Are Louisiana Criminal Records Public?
The state’s Public Records Law only permits the Bureau of Criminal Identification and Information to give copies of Louisiana criminal records to authorized entities. These entities include individuals named on the criminal record, certain public agencies, and in-state employers (RS 15:587). Due to the restrictions to getting criminal records and other police records, interested public requesters have increasingly used independent aggregate websites to obtain Louisiana criminal records.
Criminal records, considered public in the United States, are made available through some third-party aggregate sites. Searching with third-party websites is often easier as the information is not limited to geographic record availability. Information found on third-party websites can serve as a jumping off point for parties searching for a specific record or multiple records. Typically, requesters must provide the following information to gain access to these records:
- The record subject’s name, unless the subject is a juvenile.
- The record subjects’ last known location, including cities, counties, and states.
Third-party websites offer these search services, but they are not government sponsored. Availability of records may vary.

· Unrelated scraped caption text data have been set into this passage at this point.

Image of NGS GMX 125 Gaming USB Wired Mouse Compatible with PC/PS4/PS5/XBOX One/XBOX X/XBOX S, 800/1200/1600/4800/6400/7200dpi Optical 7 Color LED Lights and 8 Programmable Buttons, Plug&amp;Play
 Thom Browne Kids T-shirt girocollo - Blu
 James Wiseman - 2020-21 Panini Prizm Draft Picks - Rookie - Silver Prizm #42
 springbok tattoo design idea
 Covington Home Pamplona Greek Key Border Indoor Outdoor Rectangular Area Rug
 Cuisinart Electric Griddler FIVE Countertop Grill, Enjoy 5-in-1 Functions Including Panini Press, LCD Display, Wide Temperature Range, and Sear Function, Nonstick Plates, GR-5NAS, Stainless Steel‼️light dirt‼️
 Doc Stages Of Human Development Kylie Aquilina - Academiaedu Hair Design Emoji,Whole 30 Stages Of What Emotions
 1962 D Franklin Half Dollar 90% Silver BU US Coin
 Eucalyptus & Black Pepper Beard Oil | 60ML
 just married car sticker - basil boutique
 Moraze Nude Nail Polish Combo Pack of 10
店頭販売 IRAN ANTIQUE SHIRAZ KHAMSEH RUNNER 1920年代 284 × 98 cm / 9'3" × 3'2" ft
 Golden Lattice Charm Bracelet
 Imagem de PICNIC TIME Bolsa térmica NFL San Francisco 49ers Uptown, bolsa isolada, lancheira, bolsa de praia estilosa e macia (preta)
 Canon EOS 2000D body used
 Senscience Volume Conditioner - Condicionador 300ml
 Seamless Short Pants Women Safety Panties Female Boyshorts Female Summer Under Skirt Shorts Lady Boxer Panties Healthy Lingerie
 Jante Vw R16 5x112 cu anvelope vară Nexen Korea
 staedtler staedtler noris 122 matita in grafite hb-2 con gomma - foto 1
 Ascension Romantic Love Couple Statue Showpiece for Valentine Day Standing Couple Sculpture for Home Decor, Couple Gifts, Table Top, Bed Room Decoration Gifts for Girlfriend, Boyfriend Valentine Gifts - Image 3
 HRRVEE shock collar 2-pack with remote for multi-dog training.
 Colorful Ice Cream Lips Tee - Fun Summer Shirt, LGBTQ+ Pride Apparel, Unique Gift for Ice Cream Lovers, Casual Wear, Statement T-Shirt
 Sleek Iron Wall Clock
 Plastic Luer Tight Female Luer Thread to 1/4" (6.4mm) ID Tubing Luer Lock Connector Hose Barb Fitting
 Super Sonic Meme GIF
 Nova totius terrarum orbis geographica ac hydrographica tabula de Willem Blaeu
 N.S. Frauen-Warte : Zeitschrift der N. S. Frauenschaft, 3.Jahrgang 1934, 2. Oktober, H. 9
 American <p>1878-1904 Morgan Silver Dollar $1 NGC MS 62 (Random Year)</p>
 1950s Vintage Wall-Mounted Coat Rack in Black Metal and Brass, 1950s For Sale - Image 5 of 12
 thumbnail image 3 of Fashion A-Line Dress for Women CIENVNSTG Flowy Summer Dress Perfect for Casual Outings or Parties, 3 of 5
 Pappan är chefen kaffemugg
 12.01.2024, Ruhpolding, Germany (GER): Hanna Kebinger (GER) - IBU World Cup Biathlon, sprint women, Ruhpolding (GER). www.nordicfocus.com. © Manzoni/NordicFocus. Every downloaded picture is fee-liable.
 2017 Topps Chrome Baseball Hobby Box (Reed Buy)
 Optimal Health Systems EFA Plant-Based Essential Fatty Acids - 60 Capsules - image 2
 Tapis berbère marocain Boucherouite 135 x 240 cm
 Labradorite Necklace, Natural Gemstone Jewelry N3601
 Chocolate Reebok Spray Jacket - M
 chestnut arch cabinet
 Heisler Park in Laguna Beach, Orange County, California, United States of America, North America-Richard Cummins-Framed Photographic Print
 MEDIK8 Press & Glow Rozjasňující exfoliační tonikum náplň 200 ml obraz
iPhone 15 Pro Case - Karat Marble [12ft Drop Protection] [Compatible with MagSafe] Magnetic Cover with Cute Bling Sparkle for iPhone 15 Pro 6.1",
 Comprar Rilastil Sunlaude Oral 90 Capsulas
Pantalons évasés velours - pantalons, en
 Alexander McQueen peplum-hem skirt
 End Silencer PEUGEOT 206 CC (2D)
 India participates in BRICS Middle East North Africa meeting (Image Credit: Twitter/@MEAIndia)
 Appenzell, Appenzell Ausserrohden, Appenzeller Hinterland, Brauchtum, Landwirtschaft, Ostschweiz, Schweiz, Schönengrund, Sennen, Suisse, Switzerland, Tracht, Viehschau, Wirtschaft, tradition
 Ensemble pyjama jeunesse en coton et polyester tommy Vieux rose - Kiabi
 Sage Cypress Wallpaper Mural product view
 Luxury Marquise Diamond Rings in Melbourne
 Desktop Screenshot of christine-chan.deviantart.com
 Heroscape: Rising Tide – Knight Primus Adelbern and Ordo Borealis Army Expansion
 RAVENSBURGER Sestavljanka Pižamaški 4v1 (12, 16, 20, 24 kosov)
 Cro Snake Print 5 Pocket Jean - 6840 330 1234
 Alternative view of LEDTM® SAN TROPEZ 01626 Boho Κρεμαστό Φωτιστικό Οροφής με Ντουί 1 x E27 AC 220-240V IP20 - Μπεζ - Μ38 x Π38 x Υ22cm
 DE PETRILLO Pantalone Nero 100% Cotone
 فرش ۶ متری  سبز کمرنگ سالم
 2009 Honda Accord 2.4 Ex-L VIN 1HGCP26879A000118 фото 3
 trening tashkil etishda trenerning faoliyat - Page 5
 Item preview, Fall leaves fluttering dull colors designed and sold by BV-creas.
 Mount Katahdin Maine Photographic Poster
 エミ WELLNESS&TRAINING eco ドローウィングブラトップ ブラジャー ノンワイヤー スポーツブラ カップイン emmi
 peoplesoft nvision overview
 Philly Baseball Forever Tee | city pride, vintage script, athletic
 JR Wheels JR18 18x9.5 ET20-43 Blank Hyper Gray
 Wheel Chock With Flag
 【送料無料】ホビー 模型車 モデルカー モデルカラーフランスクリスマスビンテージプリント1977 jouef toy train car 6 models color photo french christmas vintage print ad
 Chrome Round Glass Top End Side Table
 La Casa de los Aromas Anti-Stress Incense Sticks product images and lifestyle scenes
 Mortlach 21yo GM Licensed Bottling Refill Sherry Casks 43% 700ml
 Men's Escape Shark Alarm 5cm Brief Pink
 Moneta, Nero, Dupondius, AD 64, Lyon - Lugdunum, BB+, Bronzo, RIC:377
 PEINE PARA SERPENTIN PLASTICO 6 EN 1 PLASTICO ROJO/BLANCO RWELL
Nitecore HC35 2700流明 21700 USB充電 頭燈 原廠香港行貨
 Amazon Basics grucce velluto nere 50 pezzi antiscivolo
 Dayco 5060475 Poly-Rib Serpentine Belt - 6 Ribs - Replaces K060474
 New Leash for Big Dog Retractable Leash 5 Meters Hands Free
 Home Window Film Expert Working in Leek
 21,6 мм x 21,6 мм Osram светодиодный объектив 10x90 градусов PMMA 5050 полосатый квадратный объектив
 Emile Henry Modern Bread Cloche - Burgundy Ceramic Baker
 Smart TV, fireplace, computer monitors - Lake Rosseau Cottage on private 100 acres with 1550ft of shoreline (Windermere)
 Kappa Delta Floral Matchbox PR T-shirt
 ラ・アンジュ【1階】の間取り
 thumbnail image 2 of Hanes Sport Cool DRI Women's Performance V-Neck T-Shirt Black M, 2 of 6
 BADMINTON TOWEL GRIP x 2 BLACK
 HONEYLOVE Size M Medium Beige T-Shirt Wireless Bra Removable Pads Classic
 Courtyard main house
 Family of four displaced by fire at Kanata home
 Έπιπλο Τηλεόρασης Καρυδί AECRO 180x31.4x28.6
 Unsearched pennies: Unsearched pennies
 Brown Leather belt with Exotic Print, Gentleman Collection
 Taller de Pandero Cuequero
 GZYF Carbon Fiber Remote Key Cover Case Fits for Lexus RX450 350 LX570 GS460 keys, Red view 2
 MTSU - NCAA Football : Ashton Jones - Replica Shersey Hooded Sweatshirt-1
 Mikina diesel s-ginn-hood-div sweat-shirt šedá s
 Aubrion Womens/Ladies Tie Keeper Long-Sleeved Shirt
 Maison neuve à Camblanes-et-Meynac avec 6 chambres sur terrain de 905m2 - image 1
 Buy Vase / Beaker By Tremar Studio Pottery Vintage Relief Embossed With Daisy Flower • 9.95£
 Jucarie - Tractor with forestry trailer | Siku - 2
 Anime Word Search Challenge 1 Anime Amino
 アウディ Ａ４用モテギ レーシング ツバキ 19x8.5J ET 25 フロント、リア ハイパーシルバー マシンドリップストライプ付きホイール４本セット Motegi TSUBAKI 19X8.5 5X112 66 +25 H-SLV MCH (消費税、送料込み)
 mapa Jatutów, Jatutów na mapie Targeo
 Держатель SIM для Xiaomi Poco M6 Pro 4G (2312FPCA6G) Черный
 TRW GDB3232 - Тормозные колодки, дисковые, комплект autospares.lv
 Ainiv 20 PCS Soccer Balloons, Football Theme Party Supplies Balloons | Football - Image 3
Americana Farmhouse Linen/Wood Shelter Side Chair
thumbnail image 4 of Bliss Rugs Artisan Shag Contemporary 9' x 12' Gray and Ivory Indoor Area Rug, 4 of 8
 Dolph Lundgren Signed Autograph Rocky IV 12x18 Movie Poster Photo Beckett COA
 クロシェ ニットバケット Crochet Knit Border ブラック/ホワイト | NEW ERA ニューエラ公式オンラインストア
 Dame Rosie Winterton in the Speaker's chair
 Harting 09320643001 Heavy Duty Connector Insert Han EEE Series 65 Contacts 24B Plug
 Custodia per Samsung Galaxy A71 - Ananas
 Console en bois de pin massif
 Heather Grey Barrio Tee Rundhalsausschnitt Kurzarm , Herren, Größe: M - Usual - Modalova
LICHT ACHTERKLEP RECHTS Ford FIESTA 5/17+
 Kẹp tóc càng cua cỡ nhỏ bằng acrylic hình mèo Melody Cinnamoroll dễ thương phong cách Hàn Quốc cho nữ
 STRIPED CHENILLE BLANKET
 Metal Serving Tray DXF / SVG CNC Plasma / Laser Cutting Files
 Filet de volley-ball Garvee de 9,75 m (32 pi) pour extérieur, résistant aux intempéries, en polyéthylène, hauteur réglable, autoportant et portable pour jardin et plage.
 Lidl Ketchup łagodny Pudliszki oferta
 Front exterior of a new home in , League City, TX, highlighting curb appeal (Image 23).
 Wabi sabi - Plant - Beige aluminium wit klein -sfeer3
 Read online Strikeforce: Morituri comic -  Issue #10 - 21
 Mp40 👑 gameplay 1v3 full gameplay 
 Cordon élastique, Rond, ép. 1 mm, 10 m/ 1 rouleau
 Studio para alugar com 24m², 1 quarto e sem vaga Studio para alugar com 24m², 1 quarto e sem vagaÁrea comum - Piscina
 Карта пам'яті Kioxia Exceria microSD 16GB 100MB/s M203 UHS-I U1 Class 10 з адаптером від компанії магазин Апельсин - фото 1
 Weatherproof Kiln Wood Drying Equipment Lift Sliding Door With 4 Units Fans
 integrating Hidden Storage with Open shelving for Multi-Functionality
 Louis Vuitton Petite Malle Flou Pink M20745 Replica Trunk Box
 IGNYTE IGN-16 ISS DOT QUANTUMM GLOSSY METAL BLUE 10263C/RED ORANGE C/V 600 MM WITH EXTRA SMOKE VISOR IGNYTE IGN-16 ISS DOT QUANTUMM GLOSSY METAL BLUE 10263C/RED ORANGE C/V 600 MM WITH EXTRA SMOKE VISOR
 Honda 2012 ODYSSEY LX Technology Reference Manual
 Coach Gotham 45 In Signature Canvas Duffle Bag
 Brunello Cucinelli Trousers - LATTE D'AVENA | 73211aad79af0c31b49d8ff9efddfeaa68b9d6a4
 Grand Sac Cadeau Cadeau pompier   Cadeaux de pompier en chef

How To Obtain Criminal Records In Louisiana
There are three ways to obtain an official Louisiana criminal record from the Bureau of Criminal Investigation and Identification. First, authorized entities may conduct an internet background check for criminal records in Louisiana. Each name-based criminal record search costs $26.00. However, note that this online service requires account registration. Furthermore, new users must get prior authorization from the Louisiana Department of Public Safety.
Meanwhile, in-state employers and agencies that wish to access criminal records in Louisiana must use the authorization form to request criminal records. Requesters must also attach a disclosure form and payment for the request.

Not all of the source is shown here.